Yeah, the EDN article is weird in many ways. Claiming that ECC RAM (never heard the term "EDAC" anywhere before) was state of the art in an ECU ("ECM") from 2005 (if I figure this right) seems a bit weird. E.g. Tricore controllers had only simple parity check until recently and some years ago even this had to be disabled for some models due to according errata.
I refuse to believe that no stack measurement was done, as this is so stupidly easy to do (initialize with stack pattern, check where from the top the first pattern was overwritten) that it was done in every project I ever saw in the last 15 years. And static stack analysis is kinda futile as it will always result in catastrophically high stack utilization. Besides, it's kinda hard to believe that a stack overflow resulted in acceleration instead of a reset.
Other stuff like the paradigm of "mirroring all important data" is questionable at least. Apart from the runtime hit when mirroring all important variables and consistency issues: what should you do if the main value and the mirrored value differ? Which one would you trust? Stuff like this was used for NVRAM or reset safe values in the past (instead of proper CRC), but just to detect inconsistency and return to a default value. For inconsistent runtime variables, you could only cause a reset from my point of view. Anyway, monitoring variables instead of monitoring functions seems like a bad idea. At least I'm not aware that this is part of any automotive safety concept.
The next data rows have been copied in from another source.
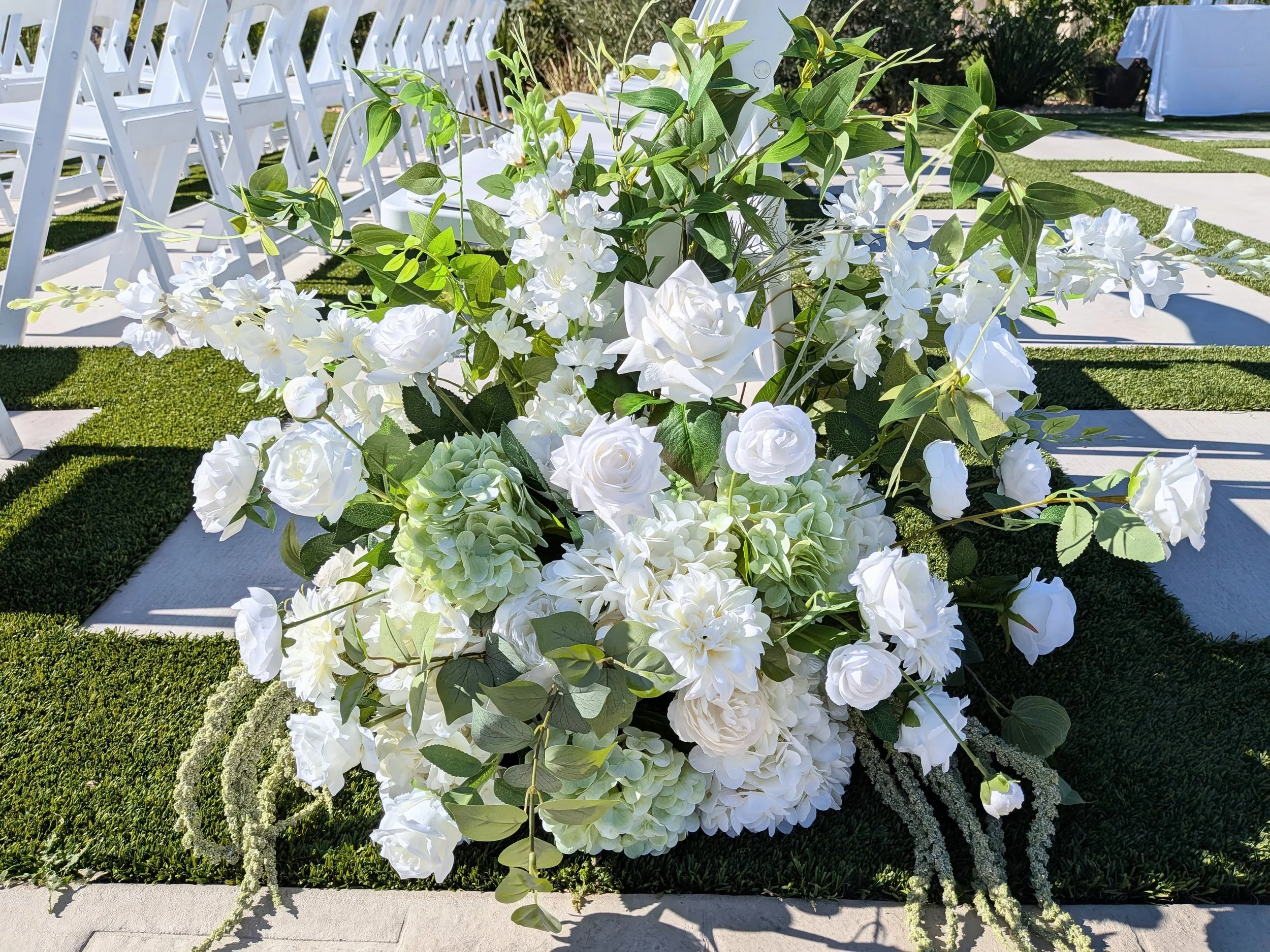 White floral arrangement with roses, hydrangeas, and greenery at an outdoor event.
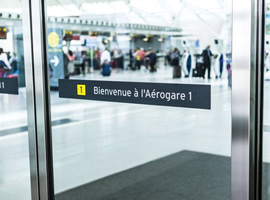 Glass sliding doors peering into an airport terminal 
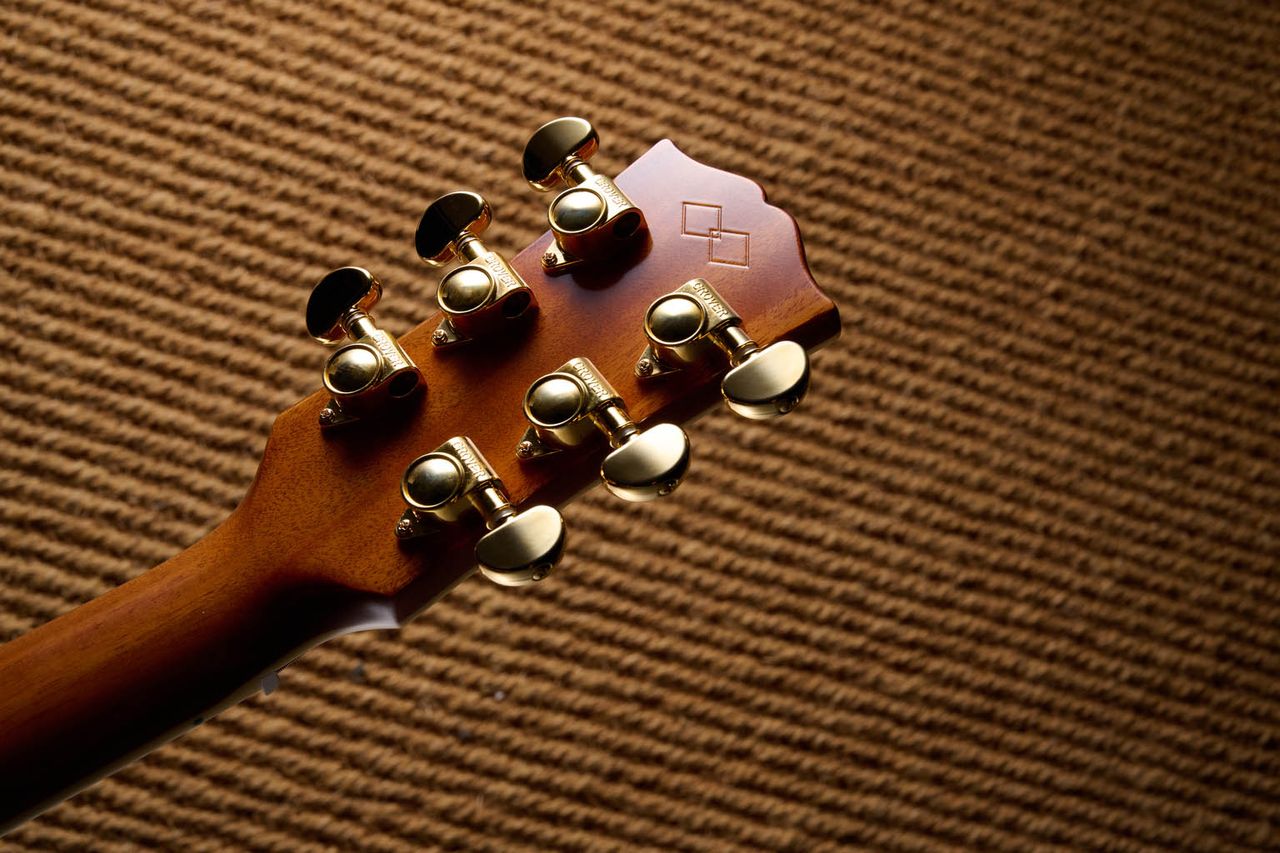 The Epiphone Inspired by Gibson Custom Hummingbird photographed in all its glory, in close-up and against a wheat-coloured rug.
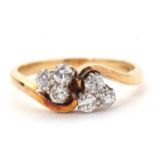 A diamond ring, the crossover style ring set with two trefoils of small round mixed cut diamonds,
And probably for a good reason.
MISRA-C rule violations don't mean anything without further details. MISRA is very strict and a lot of rules are questionable at best. Anyway, a MISRA violation doesn't mean that the code is not working correctly. It can be just a "wrong" C++ comment, a missing (needless) cast, a goto (even if it's the best solution in some cases, e.g. leaving multiple loops) or other formal stuff.
Indeed it's not clearly described what exactly caused the task to stop. My impression is that this was neither caused by a stack overflow nor by a bit fault in SRAM, nor due to MISRA violations.
Last but not least, wrong behavior due to SW bugs or HW issues (e.g. CPU errata) can never be ruled out, even in the most safety relevant systems and when following all possible processes and regulations. Therefore there has to be a safety concept on the system side which avoids critical behavior - and unintended acceleration is the top candidate there. In every ECU I ever saw there was a secondary controller checking the safety relevant paths. E.g. monitoring the pedal sensor values, comparing them to the ones reported by the CPU and shutting off the engine (or performing a reset) in case of severe misbehavior.
So it seems that Toyota (or the according supplier) hasn't implement a valid safety concept. This is the main issue, not bugs in the software or whatever.